WHAT YOU SHOULD DO →
Please make an exact transcription of all the data that follows.

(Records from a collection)
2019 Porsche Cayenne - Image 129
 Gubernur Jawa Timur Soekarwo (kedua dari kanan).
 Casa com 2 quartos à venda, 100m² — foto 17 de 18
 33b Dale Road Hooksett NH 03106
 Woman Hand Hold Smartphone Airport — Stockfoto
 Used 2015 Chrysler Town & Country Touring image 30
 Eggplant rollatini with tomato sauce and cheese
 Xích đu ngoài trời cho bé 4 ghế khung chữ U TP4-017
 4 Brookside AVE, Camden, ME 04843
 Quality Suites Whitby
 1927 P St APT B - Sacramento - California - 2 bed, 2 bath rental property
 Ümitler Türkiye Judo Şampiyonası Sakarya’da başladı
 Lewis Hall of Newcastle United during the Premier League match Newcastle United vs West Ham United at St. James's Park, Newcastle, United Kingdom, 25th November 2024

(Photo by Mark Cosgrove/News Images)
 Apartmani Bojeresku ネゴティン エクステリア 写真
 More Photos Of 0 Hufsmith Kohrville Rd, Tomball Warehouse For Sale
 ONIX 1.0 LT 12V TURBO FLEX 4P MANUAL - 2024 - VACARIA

RESULT OF THE EXERCISE →
2019 Porsche Cayenne - Image 129
 Gubernur Jawa Timur Soekarwo (kedua dari kanan).
 Casa com 2 quartos à venda, 100m² — foto 17 de 18
 33b Dale Road Hooksett NH 03106
 Woman Hand Hold Smartphone Airport — Stockfoto
 Used 2015 Chrysler Town & Country Touring image 30
 Eggplant rollatini with tomato sauce and cheese
 Xích đu ngoài trời cho bé 4 ghế khung chữ U TP4-017
 4 Brookside AVE, Camden, ME 04843
 Quality Suites Whitby
 1927 P St APT B - Sacramento - California - 2 bed, 2 bath rental property
 Ümitler Türkiye Judo Şampiyonası Sakarya’da başladı
 Lewis Hall of Newcastle United during the Premier League match Newcastle United vs West Ham United at St. James's Park, Newcastle, United Kingdom, 25th November 2024

(Photo by Mark Cosgrove/News Images)
 Apartmani Bojeresku ネゴティン エクステリア 写真
 More Photos Of 0 Hufsmith Kohrville Rd, Tomball Warehouse For Sale
 ONIX 1.0 LT 12V TURBO FLEX 4P MANUAL - 2024 - VACARIA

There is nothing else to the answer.